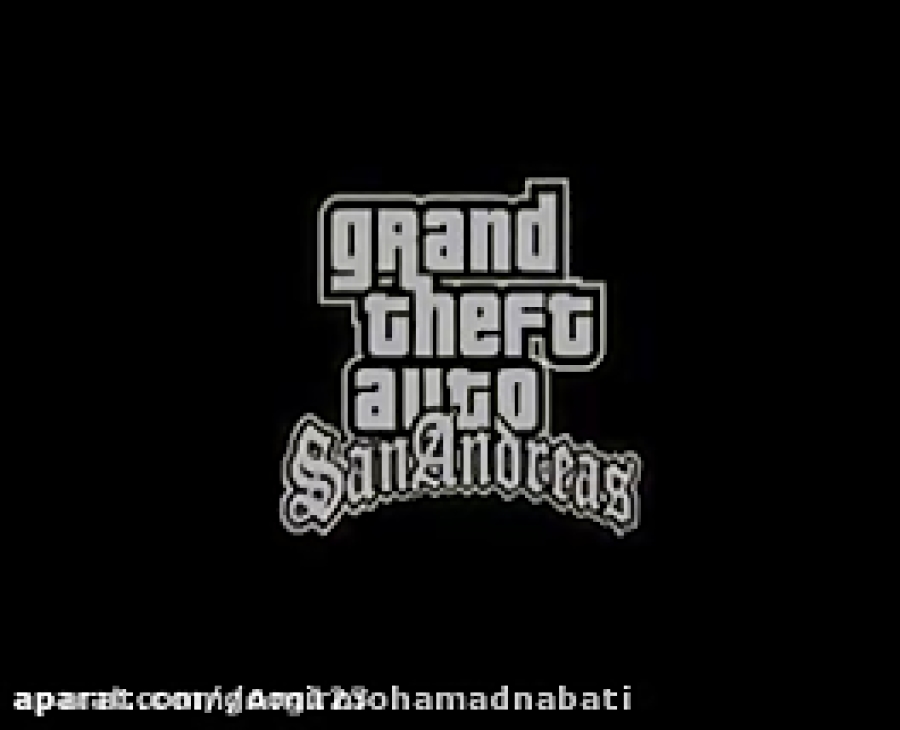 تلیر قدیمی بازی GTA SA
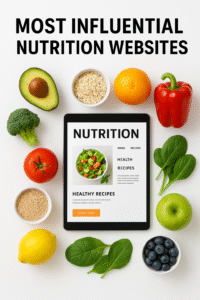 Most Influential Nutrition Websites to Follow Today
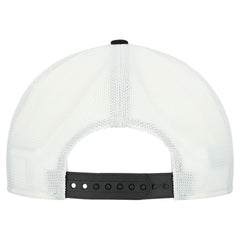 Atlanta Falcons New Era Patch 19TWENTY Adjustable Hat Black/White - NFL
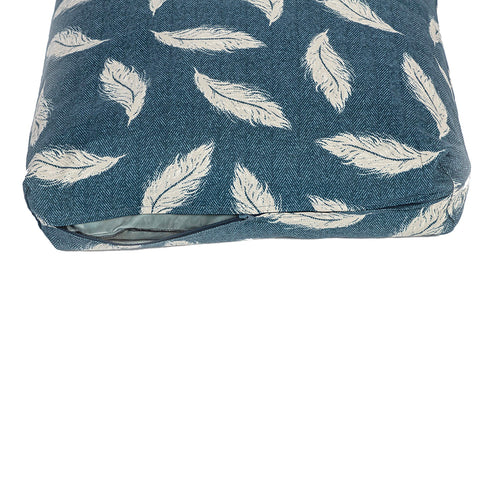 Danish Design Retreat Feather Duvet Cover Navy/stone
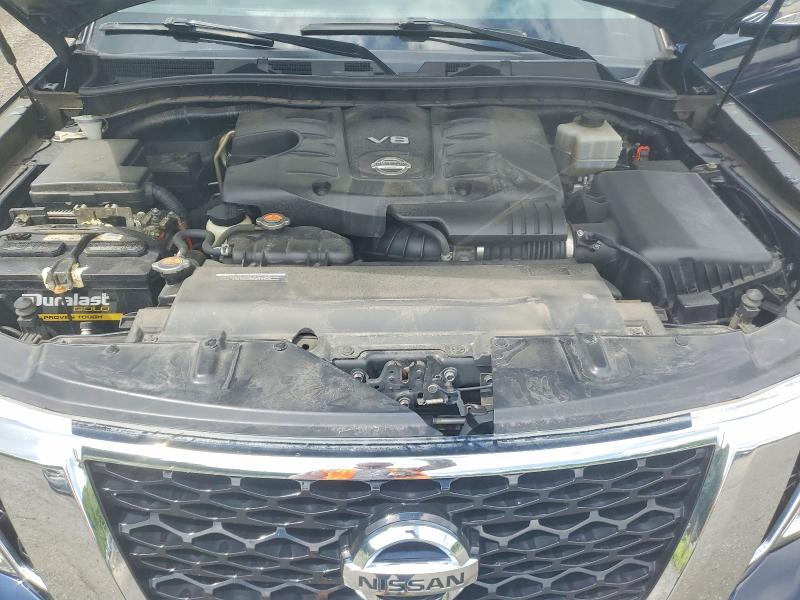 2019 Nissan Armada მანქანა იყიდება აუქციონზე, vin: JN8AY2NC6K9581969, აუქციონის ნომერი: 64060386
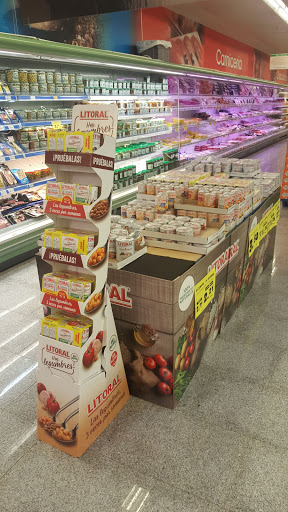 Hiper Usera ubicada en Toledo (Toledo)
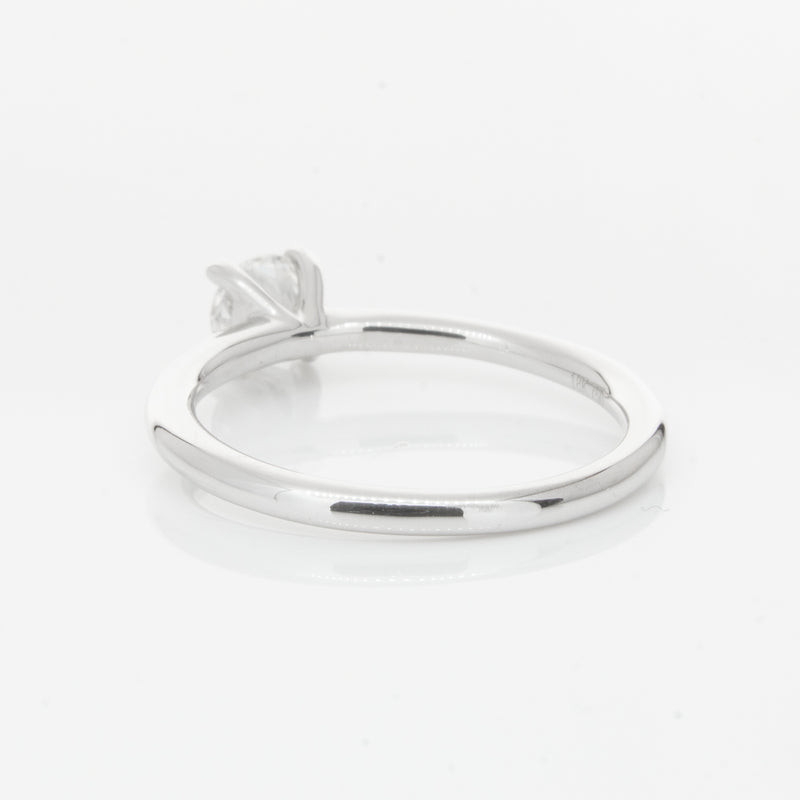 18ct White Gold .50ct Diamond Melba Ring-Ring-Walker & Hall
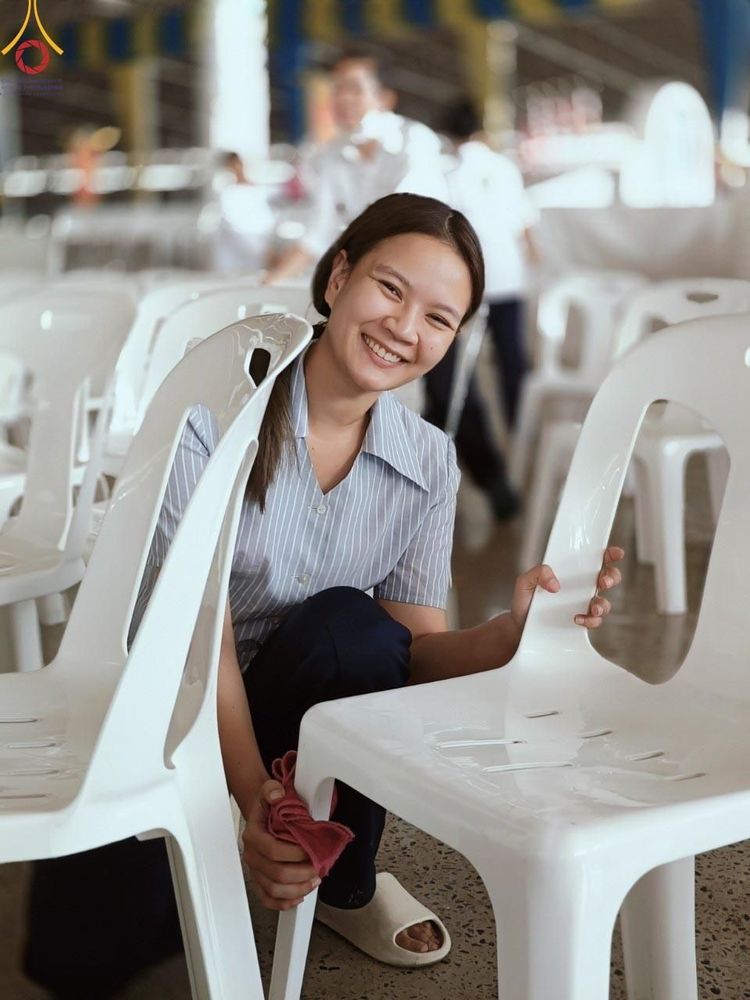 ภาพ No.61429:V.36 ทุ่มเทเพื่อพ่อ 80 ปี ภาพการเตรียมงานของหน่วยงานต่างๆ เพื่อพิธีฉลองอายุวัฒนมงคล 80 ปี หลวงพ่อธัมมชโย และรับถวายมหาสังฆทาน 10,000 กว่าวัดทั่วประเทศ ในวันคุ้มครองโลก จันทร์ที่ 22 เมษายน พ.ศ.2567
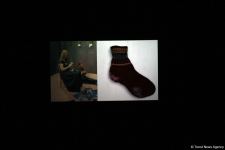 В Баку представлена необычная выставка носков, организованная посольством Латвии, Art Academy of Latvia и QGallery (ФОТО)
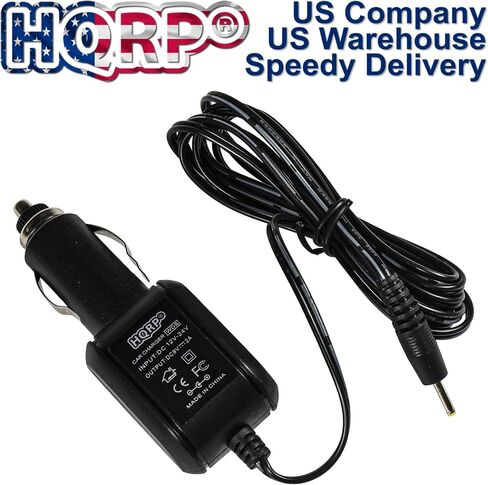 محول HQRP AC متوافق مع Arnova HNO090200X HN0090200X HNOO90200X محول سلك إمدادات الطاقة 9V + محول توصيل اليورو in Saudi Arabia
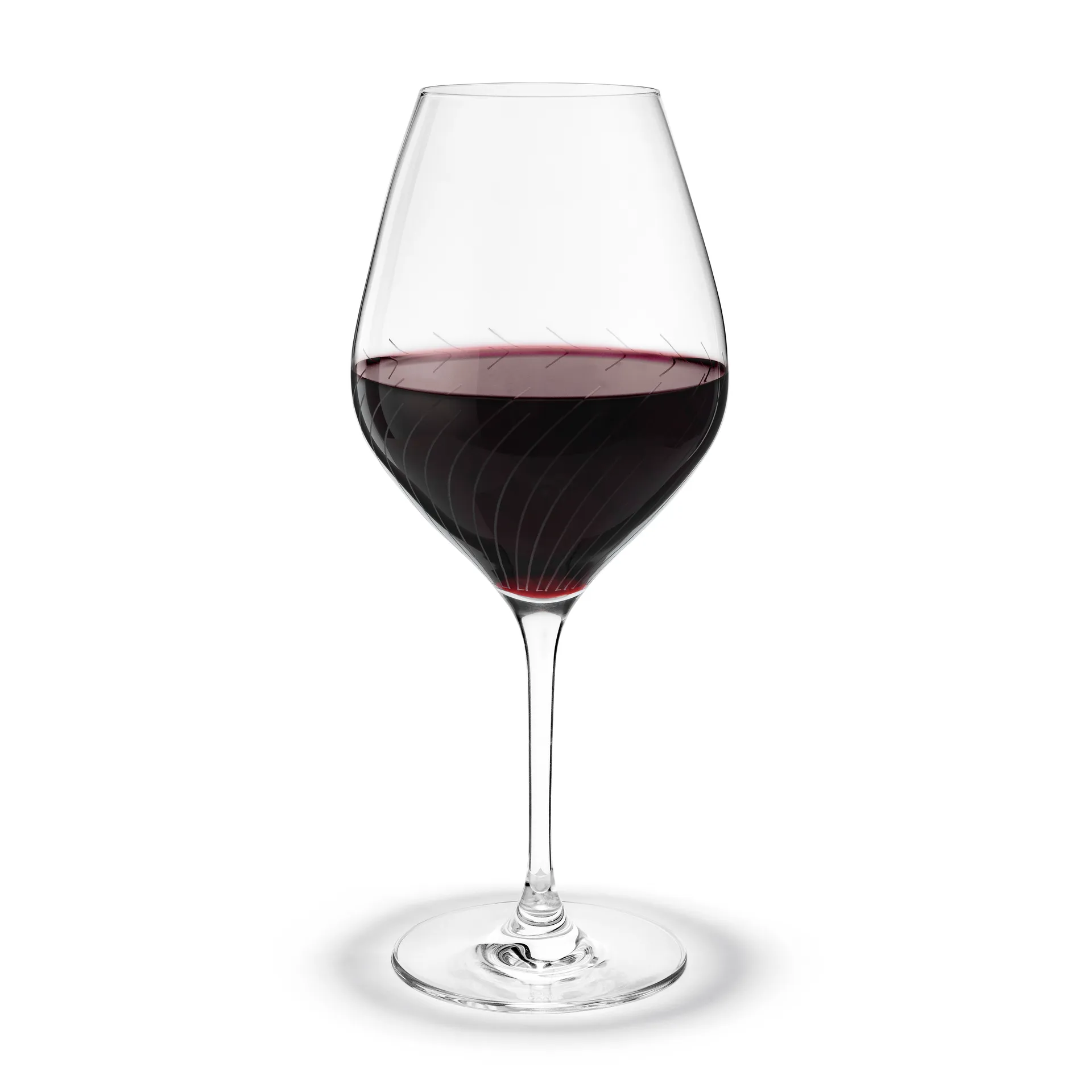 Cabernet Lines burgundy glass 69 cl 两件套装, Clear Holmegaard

## About this task
Each record above must be retyped exactly, minus its pictures.

## Response for this exercise
 تلیر قدیمی بازی GTA SA
 Most Influential Nutrition Websites to Follow Today
 Atlanta Falcons New Era Patch 19TWENTY Adjustable Hat Black/White - NFL
 Danish Design Retreat Feather Duvet Cover Navy/stone
 2019 Nissan Armada მანქანა იყიდება აუქციონზე, vin: JN8AY2NC6K9581969, აუქციონის ნომერი: 64060386
 Hiper Usera ubicada en Toledo (Toledo)
 18ct White Gold .50ct Diamond Melba Ring-Ring-Walker & Hall
 ภาพ No.61429:V.36 ทุ่มเทเพื่อพ่อ 80 ปี ภาพการเตรียมงานของหน่วยงานต่างๆ เพื่อพิธีฉลองอายุวัฒนมงคล 80 ปี หลวงพ่อธัมมชโย และรับถวายมหาสังฆทาน 10,000 กว่าวัดทั่วประเทศ ในวันคุ้มครองโลก จันทร์ที่ 22 เมษายน พ.ศ.2567
 В Баку представлена необычная выставка носков, организованная посольством Латвии, Art Academy of Latvia и QGallery (ФОТО)
 محول HQRP AC متوافق مع Arnova HNO090200X HN0090200X HNOO90200X محول سلك إمدادات الطاقة 9V + محول توصيل اليورو in Saudi Arabia
 Cabernet Lines burgundy glass 69 cl 两件套装, Clear Holmegaard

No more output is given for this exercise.